The news has spread that policemen will arrive in Milan from Beijing to patrol the neighbourhood of ‘Chinatown,’ for two weeks at least. This will happen in Rome, too. Via Paolo Sarpi in Chinatown has been the home of the Chinese community since the first arrivals in the 1930s. In the ‘80s, a huge number of Chinese, mostly from the deprived region of Zhejiang, settled in Chinatown and worked in sweatshops where they sewed bags and clothes. Children used to work in the sweatshops, too, and until not very long ago. Indeed sometimes it happens today. The sweatshops were located in basements, and were damp and cold: I remember children with chilblains on their hands.
After the riots between the Chinese community and the police in 2007, following years of tension with the Italian residents over the transport of goods back and forth, (and, of course, over different lifestyles and lack of communication), the Municipality decided to create a “ZTL,” a limited traffic zone. Via Paolo Sarpi was transformed, both physically and economically. In a couple of years it became a gentrified, trendy area full of new cafés, restaurants, co-working spaces and pop-up art galleries. Many Chinese shops are still there, and others are opening up on a regular basis: pastry shops with impressive cakes baked and decorated in US style for marriages and celebrations, advertising agencies, mobile phone shops, private clinics and of course bars and restaurants. A “ravioleria”, selling nothing but Chinese ravioli, is now hip: the long queue at lunchtime is proof of its success.
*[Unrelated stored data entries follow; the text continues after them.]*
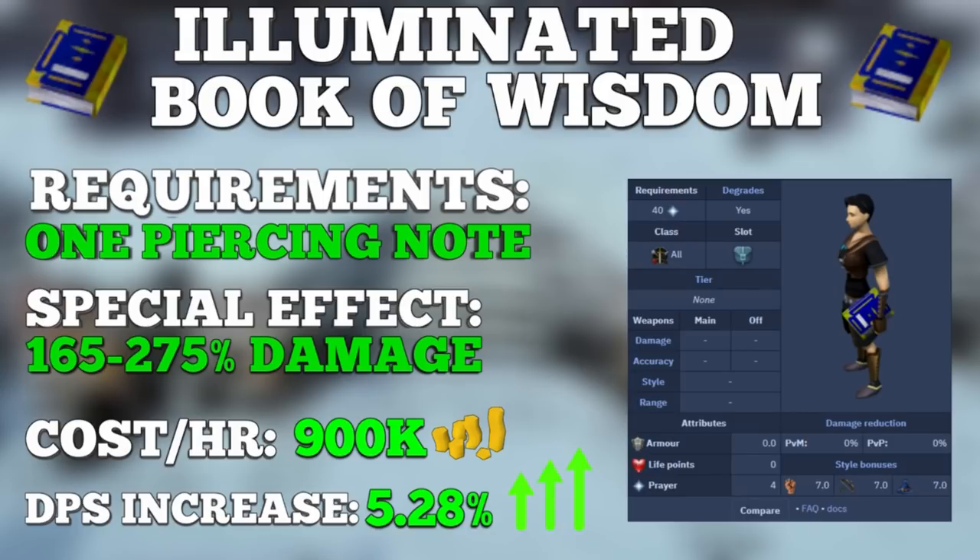Charging this book with Saradomin's pages gives you 45 minutes of active time per page. The passive effect has a 5% chance per hit for a special attack to activate — a lightning strike hits the target for 165 to 275% damage, which is a really nice DPS boost. The book boasts a 5.28% DPS increase based on your hits, with a 1-in-15 chance of proccing per hit. This means it doesn't matter if you're doing low or high DPS — the proc chance stays the same, leading to a very good DPS increase for beginners.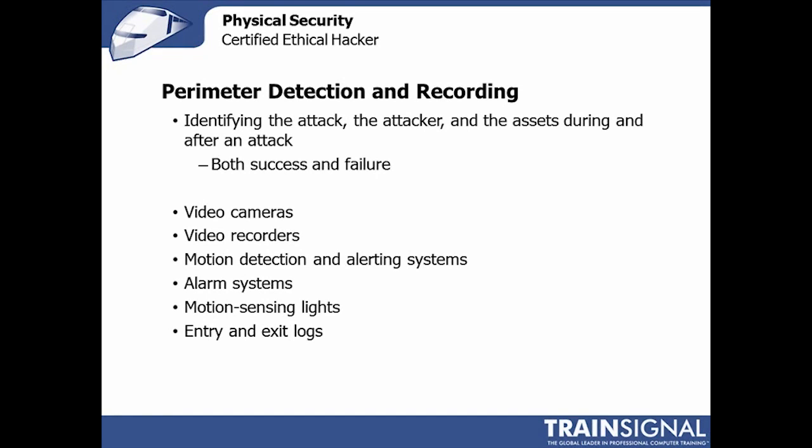When a physical compromise has taken place, detection and recording elements are critical for the defender. Identifying the attack, the attacker, and what's been compromised allows them to remediate. If they don't know a server was stolen or a hard drive removed — possibly for weeks or months — they'll never be able to defend against that type of attack. Controls like video cameras and recorders are straightforward tools in this area.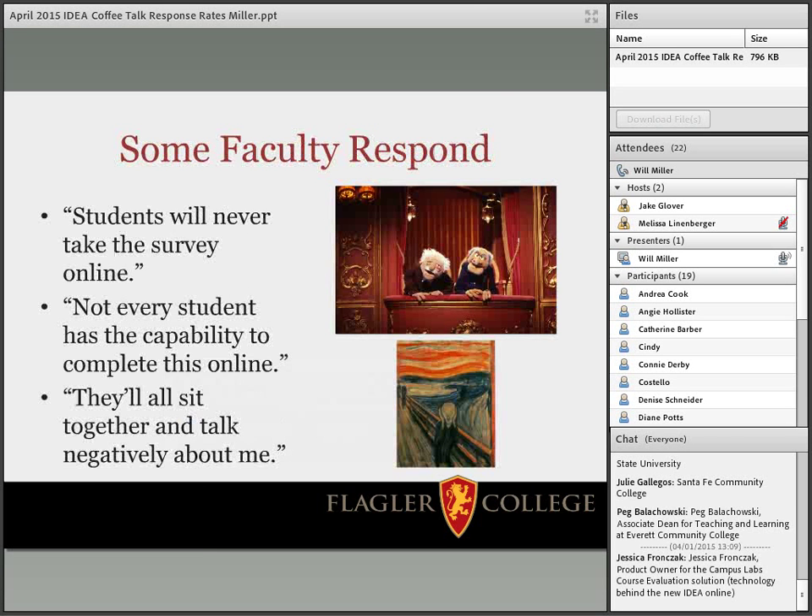When we introduced this, some faculty were not happy — especially those who had figured out how to use IDEA to maximize their scores. The most common comment was, what is this going to do to my IDEA scores? Direct responses I received from faculty included: students will never take the survey online; not every student has the capability to complete it online; and my favorite — they'll all sit together and talk negatively about me. There was this fear of a herd mentality, that ten students would get together in the library and bad-mouth the instructor.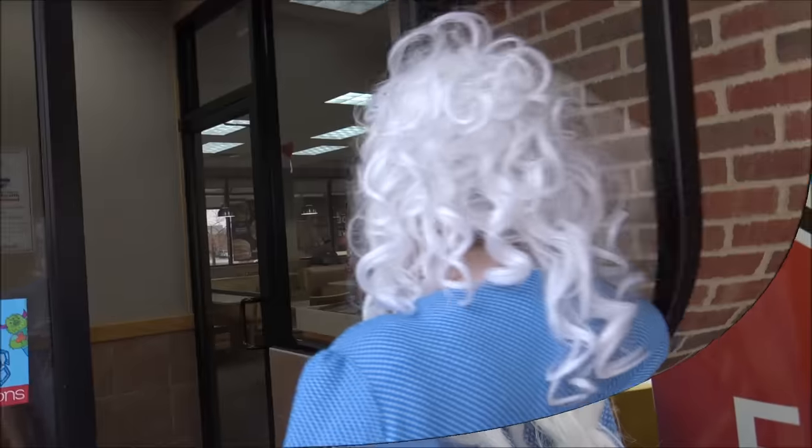Are you hungry? Well, let's go in. Hello, my little pickles. Granny here, and today we're at Wendy's, and we're gonna try everything on the menu. Doesn't that sound good? Well, are you ready? Here we go.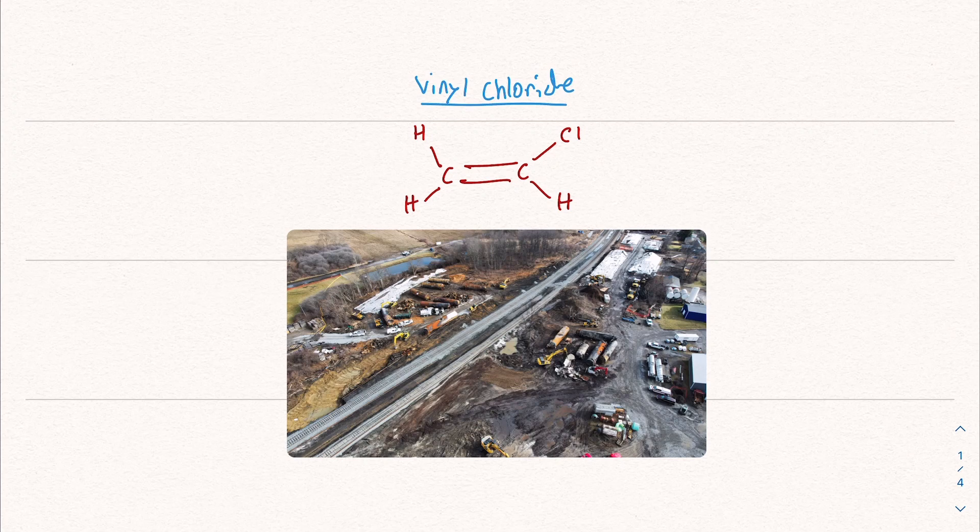Today we're going to talk about vinyl chloride. This is one of the many chemicals that was released into the air and into the water when the train derailed in East Palestine, Ohio, a couple months ago. Today we're going to learn about it, how it applies to our day-to-day life, and some of the dangers of inhaling it, especially as it relates to the train derailment and disaster in East Palestine.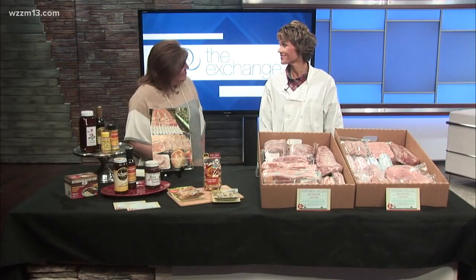This segment is sponsored by Byron Center Meats. From now until the end of March, Byron Center Meats is having a sale on freezer pork with their best prices of the year. Here to explain it all is Lori Rodema from Byron Center Meats. Good morning — good to see you again! Thanks for having us, Catherine.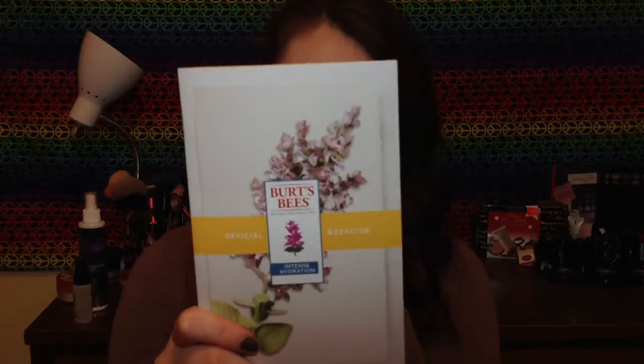They came with a little booklet, and this was all free. You get this really nice booklet that tells you about this new Intense Hydration line. I had never used anything from Burt's Bees other than their ChapSticks — I really enjoyed them, but I didn't really realize that they had such a huge line of face products. In this line there is a treatment mask, a cream cleanser, an eye cream, a night cream, and a day lotion.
Many Chinese entrepreneurs, based in other Italian cities, recently moved to Milan, as via Paolo Sarpi is now the place to invest. There are expensive cars and expensive suits everywhere. In the last 2-3 years rents have more than doubled: the shop owners often live in the suburbs.
Hu Li Wei, a restaurant owner in a small town 50 km. from Milan, grew up in Chinatown. He arrived aged 9, in 1991, and lived there until three years ago, when he got married and decided to move his family to a better, healthier place. Still, via Paolo Sarpi is “like a magnet”: on Monday afternoons, when the restaurant is closed, he comes to Milan. His first stop is via Paolo Sarpi, no matter what. He knows he can meet friends and have a beer with his pals from high school.

Still, Li Wei’s childhood in via Paolo Sarpi was not easy. He arrived from Zhejiang with his younger brother after years spent with their grandparents. He lived in a small apartment, his parents worked all day and didn’t have much time to devote to their children. Their Italian was poor and they could never afford the time to study. Li Wei attended an afterschool activity called “People’s School,”hosted by the local church and created by a Catholic movement called Community of Sant’Egidio, where he met Chinese, Moroccan, Sri Lankan children. Here he made friends. His open, cheerful personality was his strongest attribute. Summer holiday camps with his friends were particularly memorable: Chinese children seldom went on summer holidays.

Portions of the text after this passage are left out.